Exactly the lines below from the line with "吉树热销2025真皮休闲运动鞋系带女鞋头层牛皮厚底拼色单鞋四季鞋 商品缩略图0" through the line with "Милые пластиковые заколки" must make up the answer, both ends included and pictures left out.

> _RECORDS SUPPLIED_
━━━━━━━━━━━━━━━━━━━━

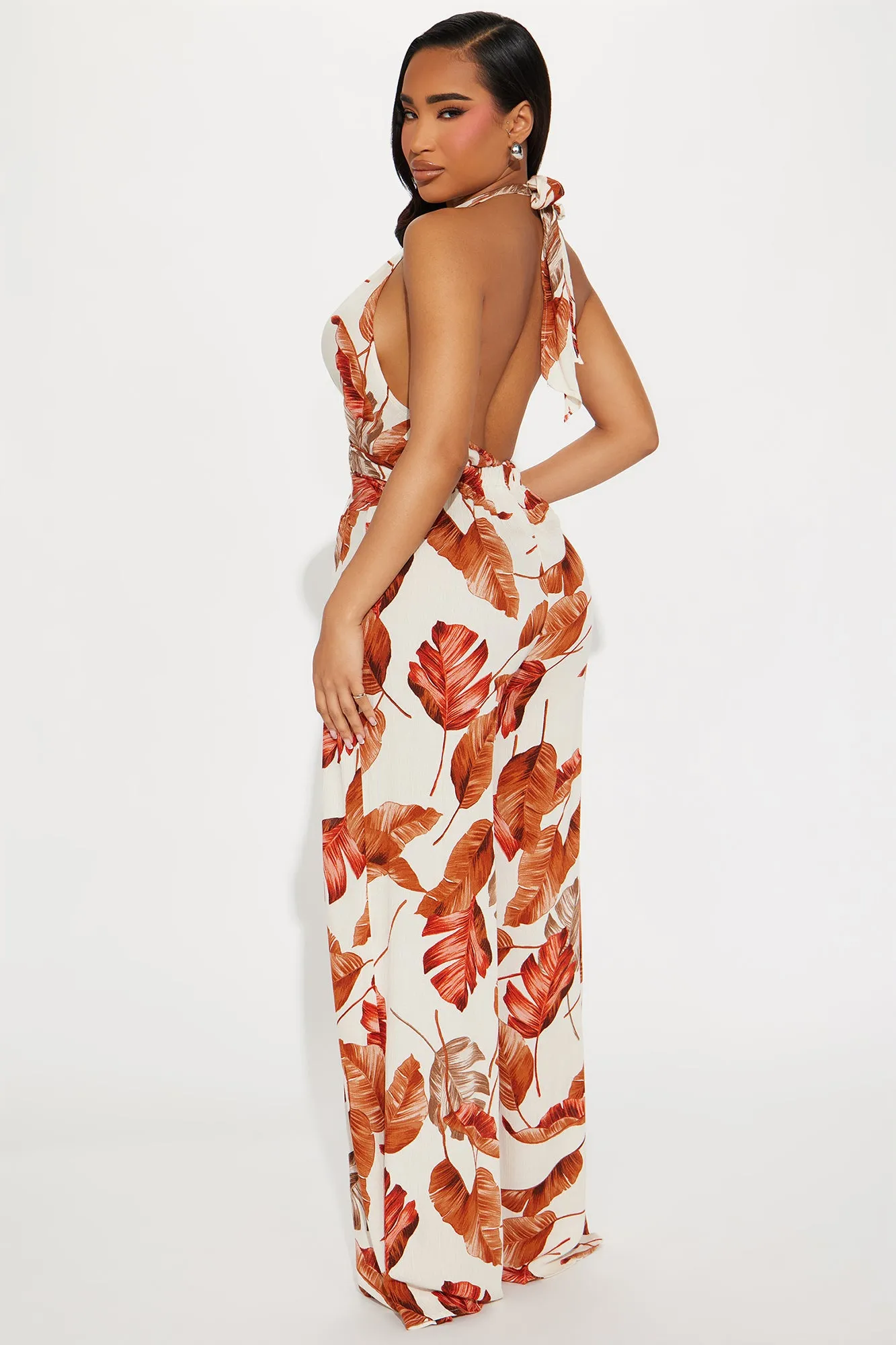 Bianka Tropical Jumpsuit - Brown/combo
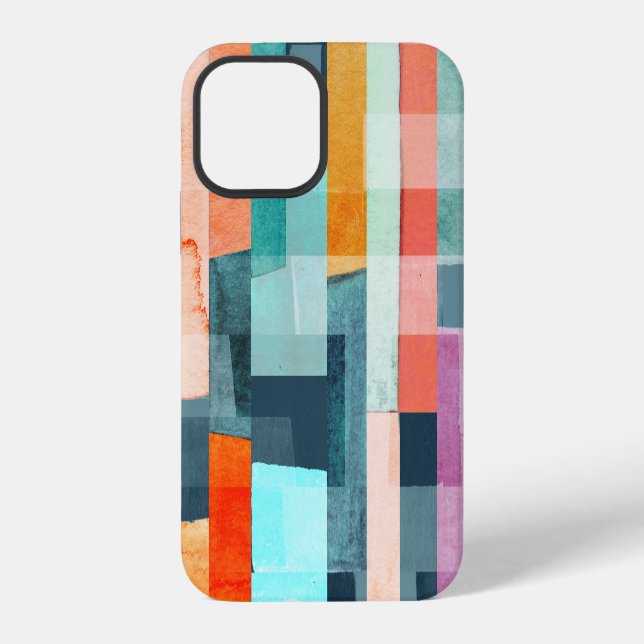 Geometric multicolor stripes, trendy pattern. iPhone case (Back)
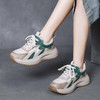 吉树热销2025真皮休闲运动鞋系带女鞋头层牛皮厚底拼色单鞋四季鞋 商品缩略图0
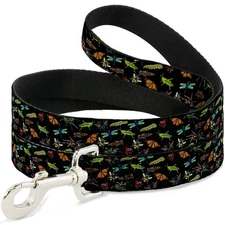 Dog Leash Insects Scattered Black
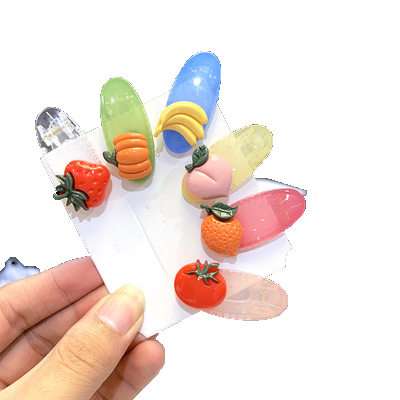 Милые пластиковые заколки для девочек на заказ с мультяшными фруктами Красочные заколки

━━━━━━━━━━━━━━━━━━━━

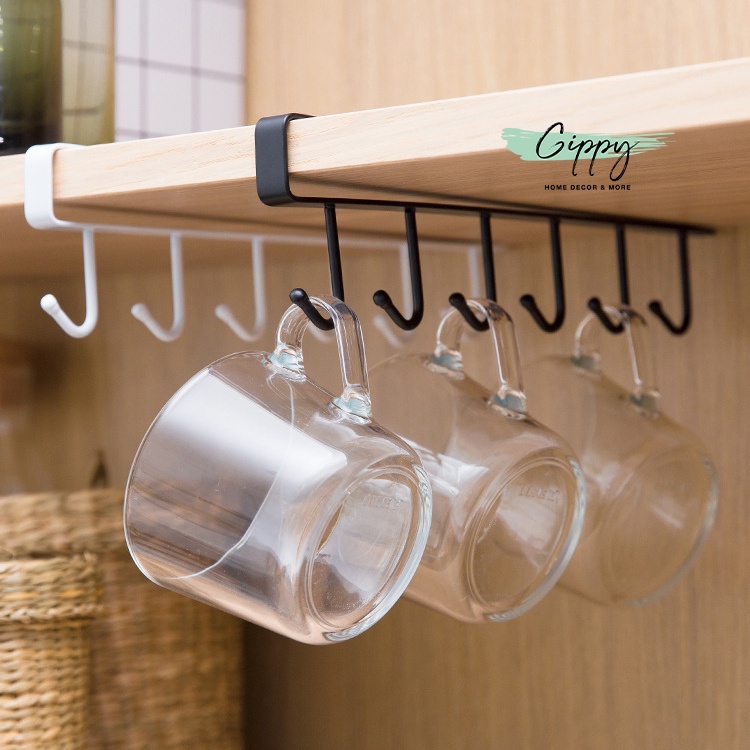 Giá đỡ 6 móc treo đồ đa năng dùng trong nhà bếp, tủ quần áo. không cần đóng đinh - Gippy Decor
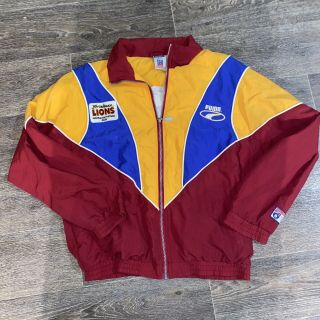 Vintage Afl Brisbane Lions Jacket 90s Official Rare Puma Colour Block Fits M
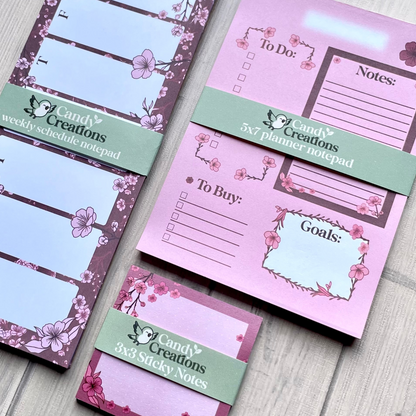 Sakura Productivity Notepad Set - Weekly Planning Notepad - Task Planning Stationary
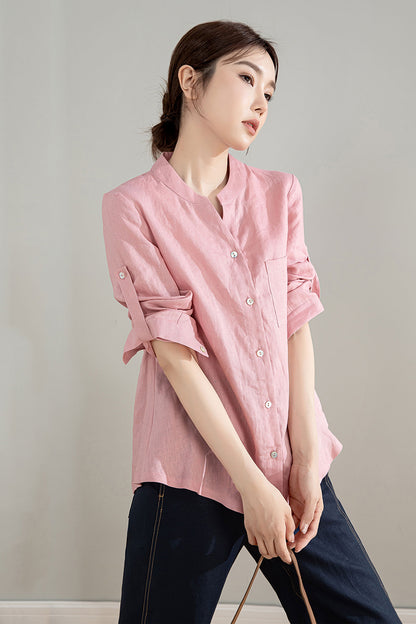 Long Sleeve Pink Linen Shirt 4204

━━━━━━━━━━━━━━━━━━━━

> _TASK OUTPUT_
 吉树热销2025真皮休闲运动鞋系带女鞋头层牛皮厚底拼色单鞋四季鞋 商品缩略图0
 Dog Leash Insects Scattered Black
 Милые пластиковые заколки для девочек на заказ с мультяшными фруктами Красочные заколки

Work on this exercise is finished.